Amna Ataullah, “Building a Dataset for Evidence Extraction to Support the Evaluation of Health News Quality”
Mentors: Susan McRoy and Xiaoyu Liu, Computer Science
Poster #3

As new information is becoming more accessible to people, misinformation is also increasing. Cases regarding misinformation are increasing and causing harmful impacts on families and society. Unlike other types of misinformation, health-related misleading information, especially the one that describes health intervention, can cause actual harm to real people. To facilitate the work on automatic evaluation of health news quality, we aim to build a new dataset consisting of sentence-level evidence based on ten established criteria.

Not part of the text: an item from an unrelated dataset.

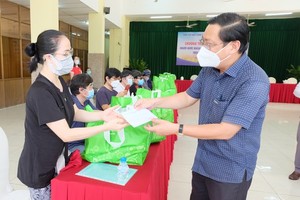 Foreigners thank Vietnamese people for support during pandemic outbreak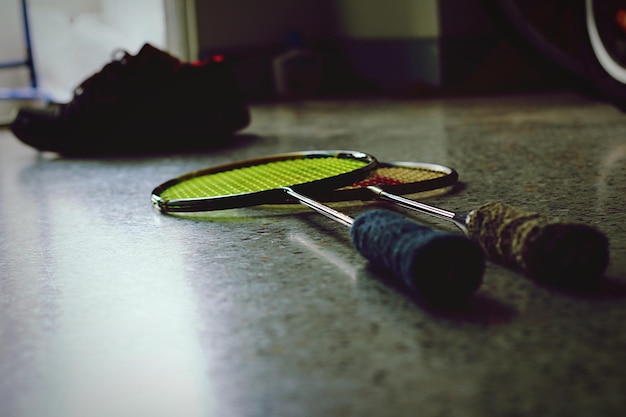 Des raquettes de badminton sur le sol à la maison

The annotation guidelines were a full adoption of criteria definitions from HealthNewsReview.org. Two people manually annotated 100 health news when extracting evidence for each criterion. An independent reviewer was invited to resolve annotation disagreements. We adopted an inter-annotator agreement to measure the quality of the annotation work. It is assessed using both simple counts and the percentage of the final quantity of the evidence in total extracted items. The annotation for four of the ten criteria is complete. For the health news that contains claims of efficacy about health interventions, the four criteria assess whether the health news explains or quantifies benefits of the intervention(the Benefit criterion); explains or quantifies harms of the intervention(the Harm criterion); mentions the Availability of the intervention(the Availability criterion); and mentions costs of the intervention (the Cost criterion). The inter-annotator agreement rates on the evidence extraction for the four criteria are 72% (the Harm Criterion), 58% ( the Availability criterion), 72% (the Cost criterion), and 87% (the Conflict Criterion). Following the same name order, the extraction yields 318 sentences, 274 sentences, 201 sentences, and 777 sentences, respectively. We also observed different groups of specific keywords repeatedly appear when annotating for different criteria. This study presents a dataset for building the automatic evaluation of health news quality, along with the annotation interface, annotator guidelines, and agreement studies.